Working through Gossip Glomers in Racket
Gossip Glomers is a series of distributed systems programming challenges from Fly.io. It uses Maelstrom, a platform for describing test workloads that can run your programs as distributed systems nodes. Maelstrom workloads can provide inputs to these nodes (as if they are arriving over a network), inject delays and partitions and then check that your system still satisfies the invariants of each challenge.
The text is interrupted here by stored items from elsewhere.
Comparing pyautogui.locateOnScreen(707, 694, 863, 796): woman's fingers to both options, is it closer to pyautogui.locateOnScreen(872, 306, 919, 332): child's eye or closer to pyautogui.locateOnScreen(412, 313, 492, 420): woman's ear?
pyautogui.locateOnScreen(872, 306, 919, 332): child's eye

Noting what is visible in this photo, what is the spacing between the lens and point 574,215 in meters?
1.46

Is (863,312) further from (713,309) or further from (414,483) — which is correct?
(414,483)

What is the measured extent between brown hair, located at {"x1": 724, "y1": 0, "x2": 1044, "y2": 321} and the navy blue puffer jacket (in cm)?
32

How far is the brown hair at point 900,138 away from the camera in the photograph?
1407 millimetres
So far I have made it through 3 of the 6 challenges1. I used Racket for all the challenges. I have released a Maelstrom wrapper for Racket as a library you can use if you would like to attempt the challenges in Racket. It provides some nice abstractions to implement a node.
Warm up
Challenges #1 and #2 are pretty straightforward if you are comfortable programming, since they are a warm up. Challenge #1 is a simple Echo node, that just gets you familiar with writing a node. In my case, that was several hours worth of effort as I was implementing the library from scratch and simultaneously getting familiar with Racket’s concurrency and I/O primitives.
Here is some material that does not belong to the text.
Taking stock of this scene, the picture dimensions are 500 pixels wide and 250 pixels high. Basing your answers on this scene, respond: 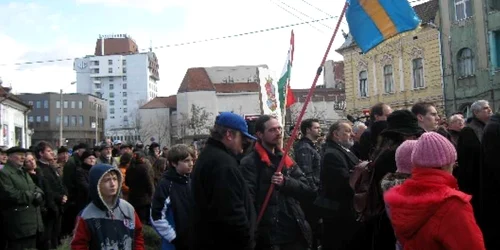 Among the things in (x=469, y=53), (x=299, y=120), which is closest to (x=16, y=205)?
(x=299, y=120)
Challenge #2 requires generating unique IDs. For this, a UUID would also work, but I did another simple thing. Each node knows its ID, and the node ID is unique. So each node just maintains a counter and the resulting ID is a concatenation of the node ID and the counter.
Since each generate
message’s callback can run in a separate (green-)thread, the counter is wrapped in a box
that does atomic compare and swap to increment it.
Gossiping
Challenge #3 is where things start to become fun. The challenge deals with both network partitions and the later sub-challenges require certain latency bounds in the presence of delays. I built up a set of solutions to this.
For #3a, nodes do not communicate with each other. So this was simple. I used a semaphore to guard the list of known values.
In #3b, peers gossip by forwarding broadcast
messages to other known peers (except the sender). To achieve completion, only new messages are forwarded. This is fine when messages are guaranteed to be delivered, and there are only 5 nodes in the network, so performance isn’t a concern.
Racket’s concurrency (not parallelism) model is based on green threads, Go-like channels, and ConcurrentML based selection between multiple concurrent events. Nearly all the basic I/O and messaging primitives (threads, channels, ports and others) can act as selectable events. Threads and channels are very cheap to spawn. Idiomatic Racket practice is to have individual threads manage state, and other threads querying or mutating the state through messages on channels. Not only does this avoid shared state, it lets programs be kill-safe 2.
For #3c, I took the more idiomatic approach of having a dedicated thread for maintaining the list of seen values. In addition,
network partitions come into play in #3c. With that comes the need for acknowledgements and retries. This is where the rpc
function comes in handy. For every new value received, the node keeps a set of peers that still haven’t acknowledged receiving the new value. It then sends an rpc
message with the new value to each of them. When a response is received (the partition has healed), the peer is removed from the set. The loop is retried until all peers have acknowledged receipt of the message.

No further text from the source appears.